MUTE THOSE THOUGHTS!
In the eternal struggle between individual liberty and social cohesion, one aspect where this is now playing out involves freedom of expression vs contractual obligations to employers and the arena is Social Media.
The famous Australian rugby player, Israel Folau, sent out this Instagram post: “Warning – Drunks, Homosexuals, Adulterers, Liars, Fornicators, Thieves, Atheists, Idolaters. HELL AWAITS YOU. REPENT! ONLY JESUS SAVES.”
Folau was dismissed from his employment with Rugby Australia and is bringing Federal Court action based in part (as we understand it) on his right to express personal views in his own time.
Comcare v Banerji – High Court of Australia
His solicitors will no doubt be checking the High Court’s decision in Comcare v Banerji, delivered on 7 August 2019. Ms Banerji was employed by the Commonwealth Department of Immigration and Citizenship. As the decision records, “she began broadcasting tweets on matters relevant to the Department, using the Twitter handle “@LaLegale”. There were more than 9,000 such tweets, at least one of which was broadcast during the respondent’s working hours, and many of which were variously critical of the Department, other employees of the Department, departmental policies and administration, Government and Opposition immigration policies, and Government and Opposition members of Parliament…some of the tweets are reasonably characterised as intemperate, even vituperative, in mounting personal attacks on government and opposition figures”.
Ms Banerji was dismissed and later brought proceedings for compensation for psychological injury arising out of the termination of employment. The High Court allowed the Appeal by Comcare, rejected the compensation claim and ordered Ms Banerji to pay legal costs. The bases of the decision, or the principles that seem to arise from it, include the following:
- There is no legal right of free speech in Australia, unlike the situation in Canada or the USA for example. There is an implied restriction on the Australian Parliament that it cannot make laws that unduly restrict freedom of political communication. This is a societal right, not an individual one;
- The Public Service Act could validly impinge on political communication by public sector employees because the Australian public service is designed to be apolitical, and public servants were meant to implement government policy not criticise it;
- There was no such thing (in reality) as an anonymous social post: “as a rule of thumb, anyone who posts material online, particularly on social media websites, should assume that, at some point, his or her identity and the nature of his or her employment will be revealed.”
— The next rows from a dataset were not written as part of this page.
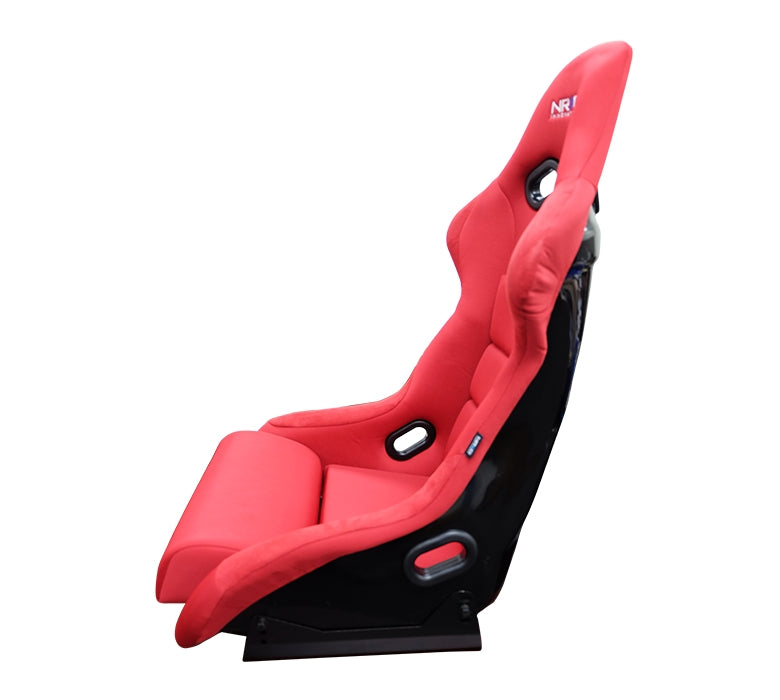 NRG Sedile monoscocca Pelle scamosciata,Fabric Red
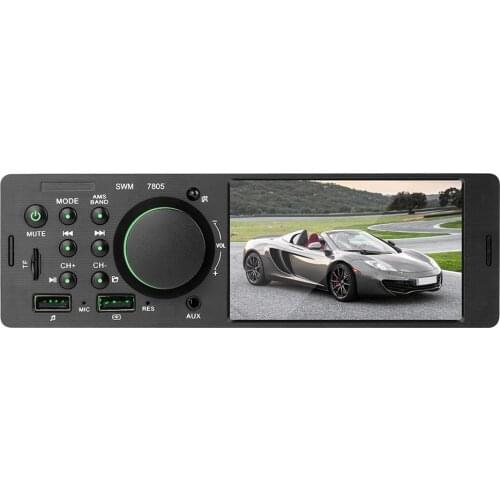 4.1 Inch TFT 1 Din Car Radio Audio Stereo FM Radio Bluetooth MP5 Multimedia Player Can Be Connected To The Rear View Camera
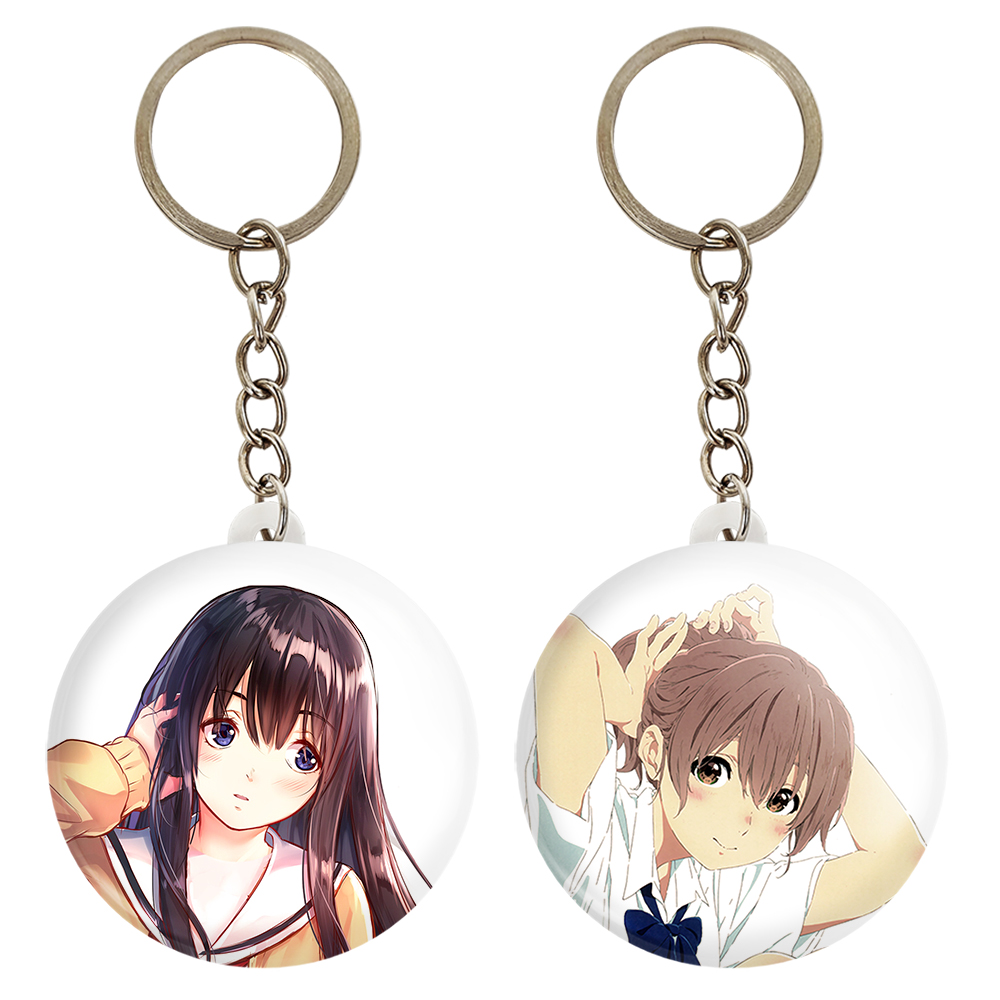 جاکلیدی خندالو مدل شوکو نیشیمیا و نائوکو انیمه سایلنت ویس کد 1581515817 مجموعه 2 عددی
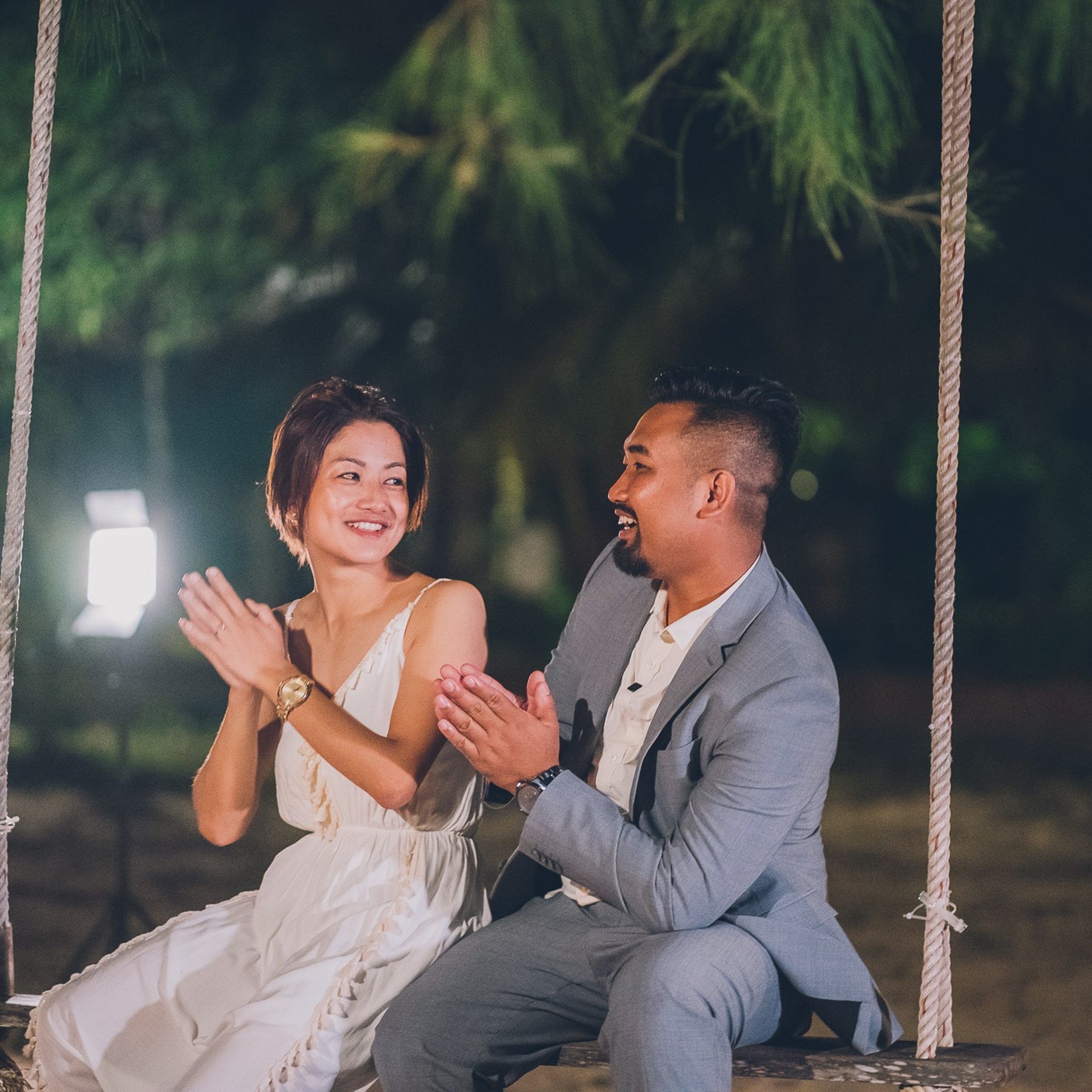 Photo. Romantic proposal on Koh Samui, Thailand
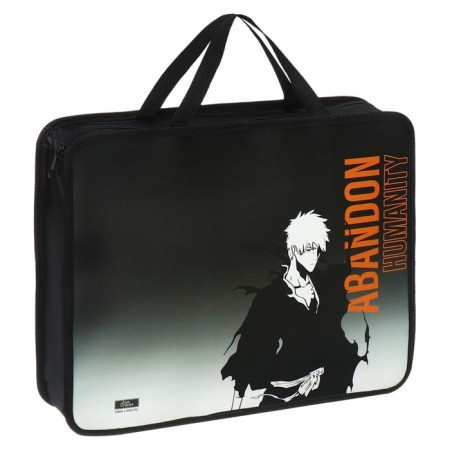 Folder with A4 handles, 330 x 260 x 75 mm, plastic, pens, Calligrata "Anime"-1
- If an employee acts in his/her own time in a way that adversely reflects on the integrity of their employer, this can give an employer the right to take action if such a situation is proscribed in the contract of employment or employer policies.
- A citizen of Australia is a part of a political system that endorses freedom of communication on political matters. We are free to give our rulers a spray, and we do so often. But if we choose to work for a mob that requires us to exercise restraint and moderation in that space for proper reasons, their right to do so may have to be respected too.
Employees should therefore bear in mind: [A] No social media is or stays confidential or anonymous; [B] Don’t just read your contract of employment, read the policy and procedure manual as well; and [C] If out of hours opinion might cut across work-time reputation, perhaps keep it to yourself!